[Python-Dev] PEP 383: Non-decodable Bytes in System Character Interfaces

Sat Apr 25 19:27:47 CEST 2009

Martin v. Löwis wrote:
>> I see two main user-oriented use cases for the resulting Unicode
>> strings this PEP will produce on all systems: displaying a list of
>> filenames for the user to select from (an open file dialog), and
>> allowing a user to edit or supply a filename (a save dialog or a
>> rename control).
> 
> There are more, in particular the case "user passes a file name
> on the command line", and "web server passes URL in environment
> variable".
> 
>> It's clear what this PEP provides for the former. On well-behaved
>> systems where a simpler filesystemencoding approach would work, the
>> results are identical; the user can select filenames that are what he
>> expects to see on both Unix and Windows. On less well-behaved systems,
>> some characters may appear as junk in the middle of the name (or would
>> they be invisible?)
> 
> Depends on the rendering.
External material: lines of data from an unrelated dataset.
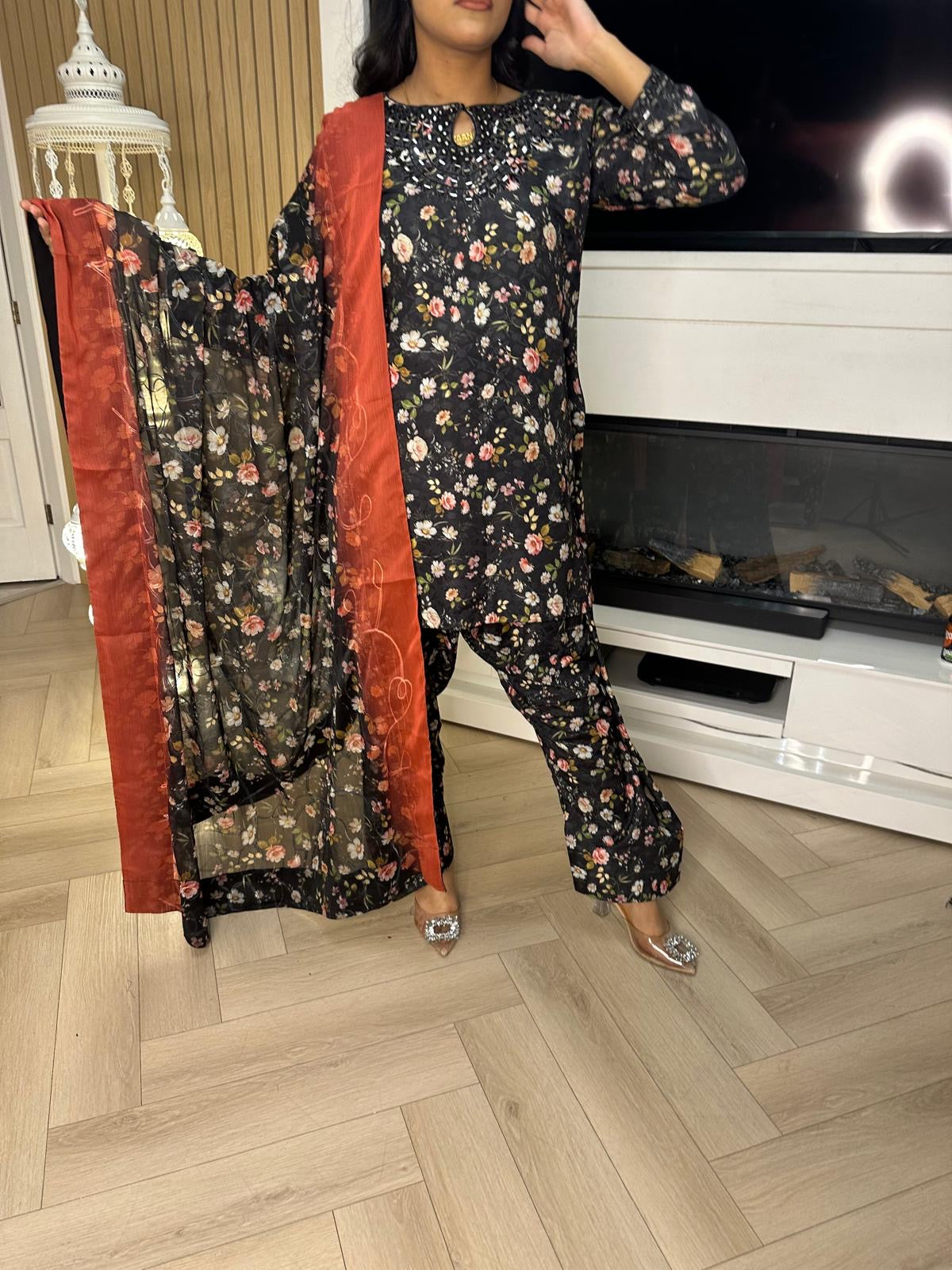 Raiha 3pc Cotton Printed Suit With Chiffon Duppatta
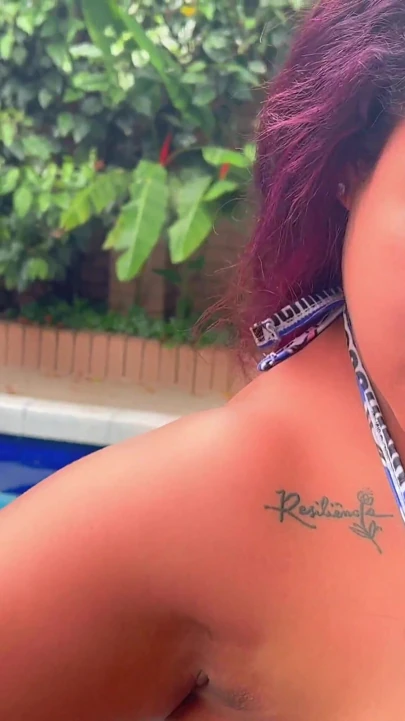 Hanna Mills bikini partisine hoş geldiniz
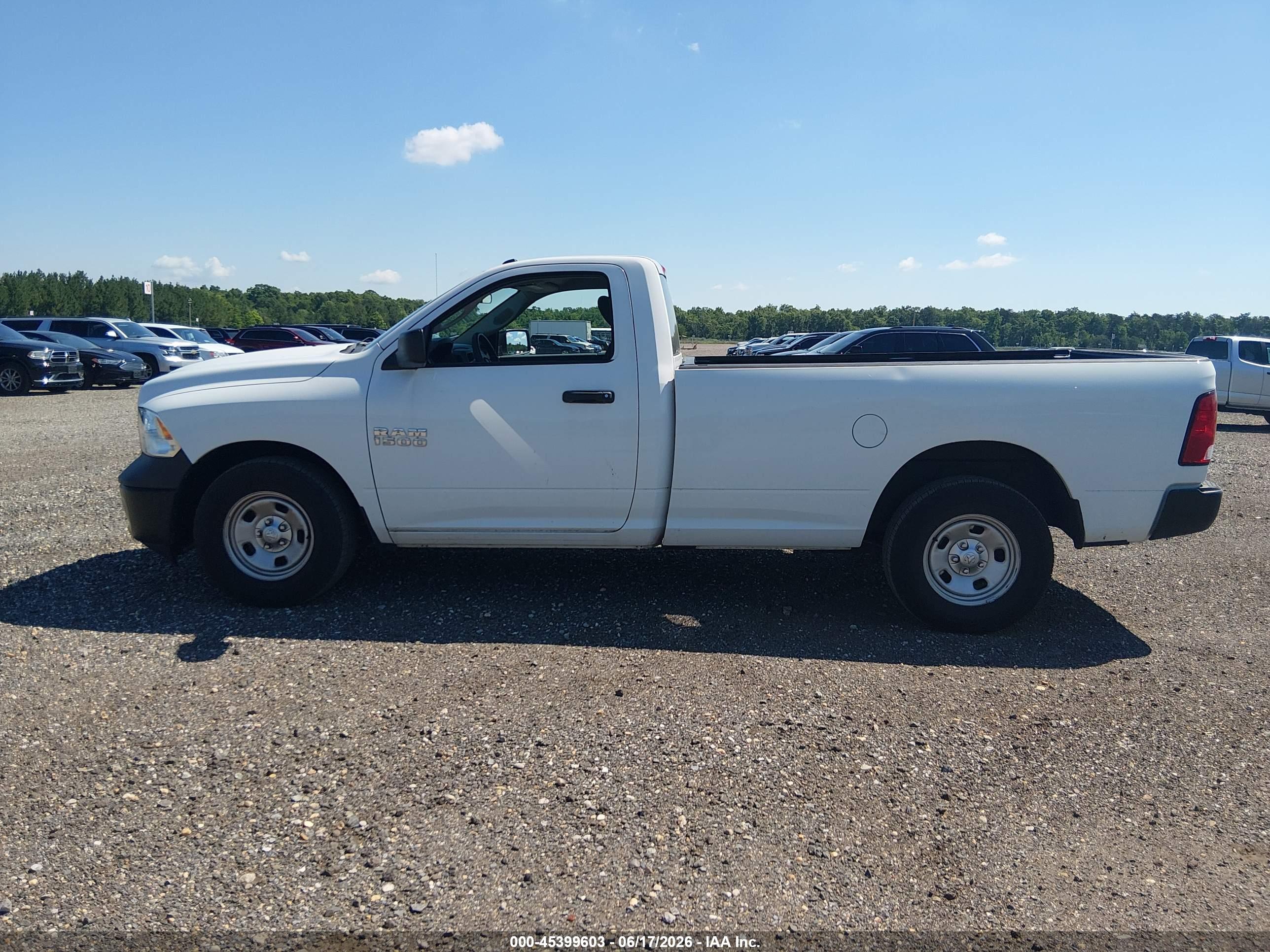 2018 RAM 1500 TRADESMAN  4X2 8' BOX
Try "print u'\udc00'" in your terminal to see
> what happens; for me, it renders the glyph for "replacement character".
> In GUI applications, you often see white boxes (rectangles).
> 
>> What I don't find clear is what the risks are for the latter. On the
>> less well behaved system, a user may well attempt to use this python
>> application to fix filenames. Can we estimate a likelihood that edits
>> to the names would result in a Unicode string that can no longer be
>> encoded with the python-escape? Will a new name fully provided by a
>> user on his keyboard (ignoring copy and paste) almost always safely
>> encode?
> 
> That very much depends on the system setup, and your impression is
> right that the PEP doesn't address it - it only deals with cases
> where you get random unsupported bytes; getting random unsupported
> characters from the user is not considered.
> 
> If the user has the locale setup in way that matches his keyboard,
> it should work all fine - and will already, even without the PEP.
> If the user enters a character that doesn't directly map to a
> good file name, you get an exception, and have to tell the user
> to pick a different filename.
> 
> Notice that it may fail at several layers:
> - it may be that characters entered are not supported in what
>   Python choses as the file system encoding.
> - it may be that the characters are not supported by the file
>   system, e.g. leading spaces in Win32.
> - it may be that the file cannot be renamed because the target
>   name already exists.
> In all these cases, the application has to ask the user to
> reconsider; for at least the last case, it should be prepared
> to do that, anyway (there is also the case where renaming fails
> because of lack of permissions; in that case, picking a different
> file name won't help).
> 
This has made me think about what happens going the other way, ie when a 
user-supplied Unicode string needs to be converted to UTF-8b. That 
should also be reversible.

Therefore:

When encoding using UTF-8b, codepoints in the range U+DC80..U+DCFF
should map to bytes 0x80..0xFF; all other codepoints, including the
remaining half surrogates, should be encoded normally.

When decoding using UTF-8b, undecodable bytes in the range 0x80..0xFF
should map to U+DC80..U+DCFF; all other bytes, including the encodings
for the remaining half surrogates, should be decoded normally.

This will ensure that even when the user has provided a string
containing half surrogates it can be encoded to bytes and then decoded
back to the original string.